ABSTRACT
Within the last decade, there has been an explosion of multi-omics data generated for several microbial systems. At the same time, new methods of analysis have emerged that are based on inferring networks that link features both within and between species based on correlation in abundance. These developments prompt two important questions. What can be done with network approaches to better understand microbial species interactions? What challenges remain in applying network approaches to query the more complex systems of natural settings? Here, I briefly describe what has been done and what questions still need to be answered. Over the next 5 to 10 years, we will be in a strong position to infer networks that contain multiple kinds of omic data and describe systems with multiple species. These applications will open the door for a better understanding and use of microbiomes across a variety of fields.
mSystems® vol. 4, no. 3, is a special issue sponsored by Illumina.
PERSPECTIVE
GENE COEXPRESSION NETWORKS
Over the last several years, there has been a rapid increase in the depth, cost efficiency, and use of high-throughput omics techniques that can query the abundance levels of a large number of biological molecules simultaneously. These include amplicon analysis, transcriptomics, proteomics, and metabolomics, among others. The collection of these data can answer many questions focused on responses of organisms to specific conditions. However, when experiments collect tens to hundreds of omics data sets, analysis can take the next step and use these data to infer feature coexpression networks.
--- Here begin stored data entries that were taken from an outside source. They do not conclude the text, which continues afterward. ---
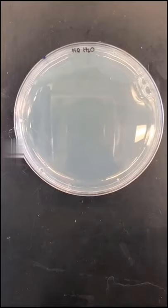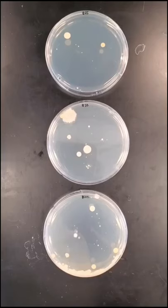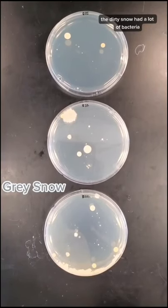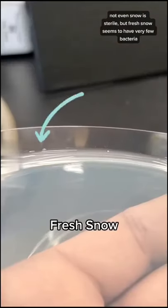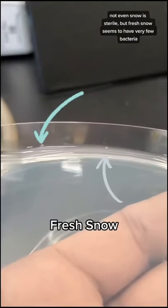Three days later, the negative control had no growth, the dirty snow had a lot of bacteria, and there were a few small colonies which grew from the fresh snow. Not even snow is sterile, but fresh snow seems to have very few bacteria.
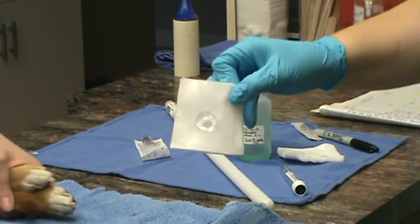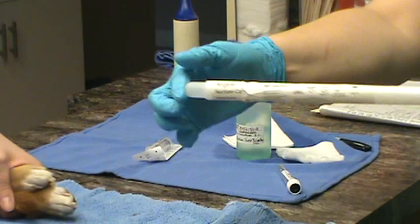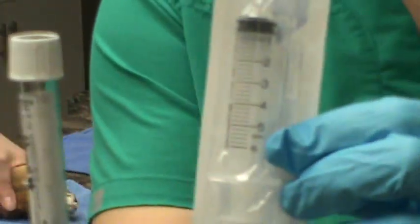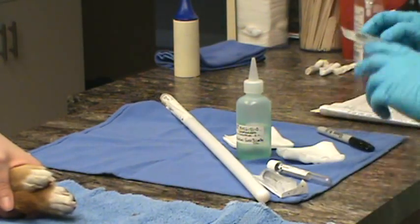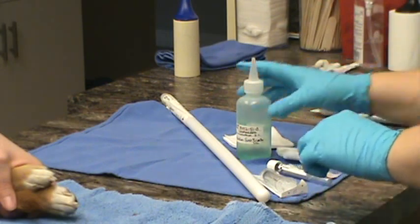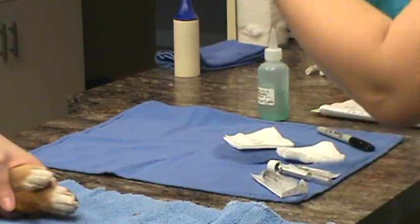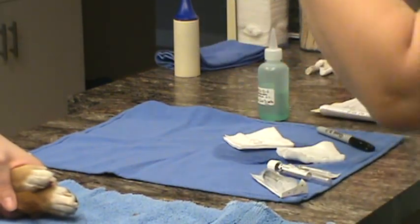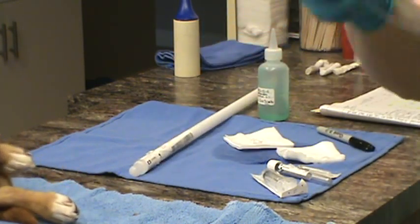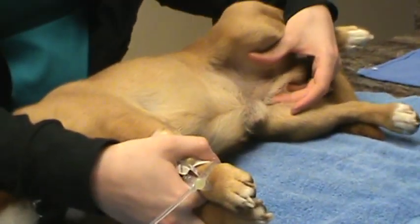We have our sterile lubricant, we have our three and a half French urinary catheter, we have a six cc syringe and a urine tube, and we have a needle here to put on that syringe to transfer it to the vacutainer. With him restrained, I'm going to have my assistant expose his penis and we're going to lubricate our catheter and keep everything sterile so as to not introduce any bacteria into his urethra.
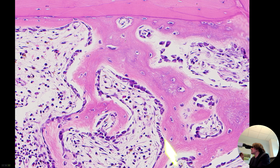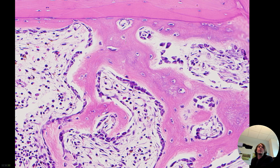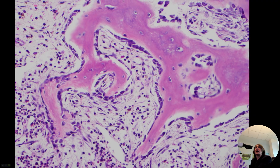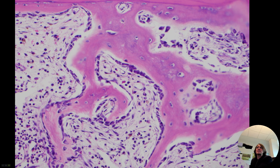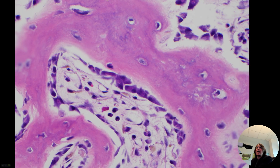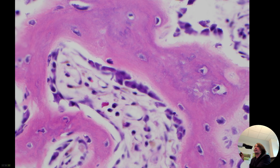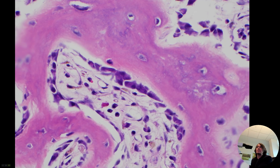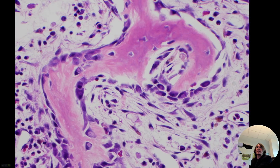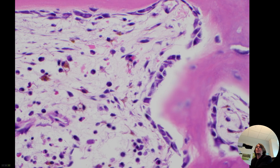This stuff that's kind of stuck on to the outside of it is new woven bone. The cells that are making that woven bone are osteoblasts. They look kind of plasmacytoid — they have an eccentric nucleus off to one side and purple cytoplasm, even with a little pale area like a perinuclear Hoff, like you see in plasma cells. So osteoblasts can actually kind of mimic plasma cells microscopically, but we know they're osteoblasts here because they're lining up around this new bone.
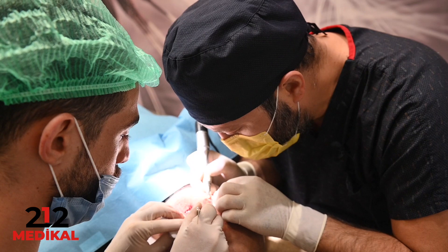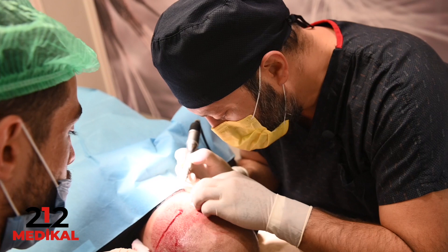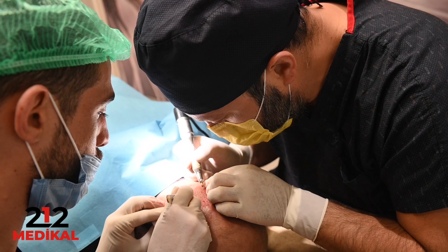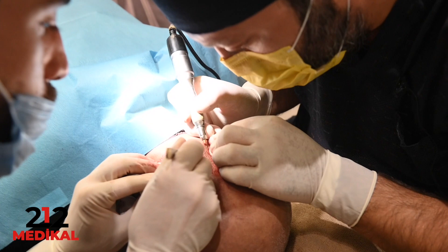There are three key points: sharpness of the punch, length of the punch, and diameter of the punch. An experienced surgeon knows that all patients are different, so they decide which sharpness, length, and diameter to use for each patient — and once that decision is made, the procedure becomes straightforward.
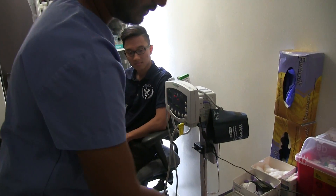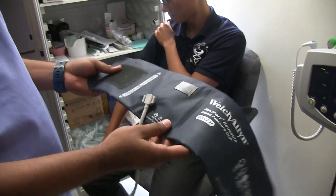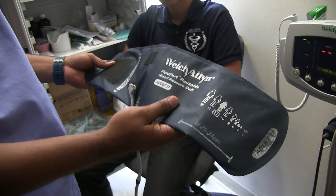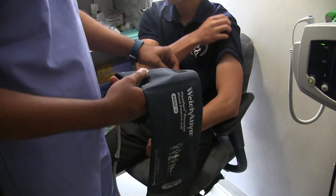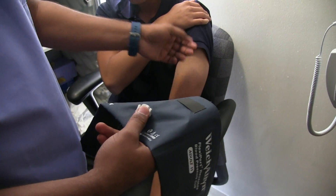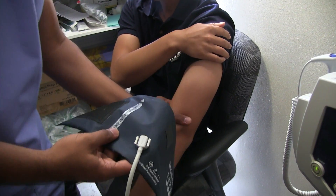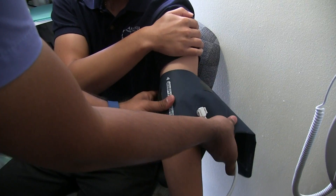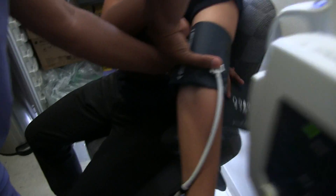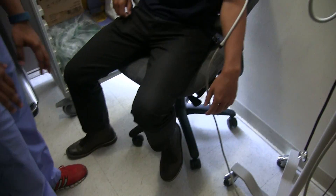First we will take the blood pressure. We have two kinds of cuffs — this cuff works for most patients unless the patient is obese, in which case we use a bigger cuff. Ask the patient to lift their shirt so you can access the skin. Use the artery index marker and place it right on the artery, which you should be able to see or feel. Make sure you close the cuff tightly, let the hand rest, and make sure the patient's feet are flat on the ground.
While the specific methods vary, all such networks are essentially based on linking pairs of features (with a feature being either a species, transcript, protein, metabolite, etc.) based on their correlation in abundance (i.e., expression) across a range of variable environmental conditions under which the omics data have been collected. Once inferred, such networks can show which features are coexpressed and can reveal a number of characteristics of the system under question, including how features are related to each other in their expression or abundance, which functional processes are coordinated, which features occupy central positions in the network and are thus important for the growth and bioactivity of the system, which transcripts/proteins act in regulatory pathways, and what the putative function of uncharacterized genes may be. Coexpression networks have been inferred for a number of different systems and have been an especially critical tool in examining human disease (1–3).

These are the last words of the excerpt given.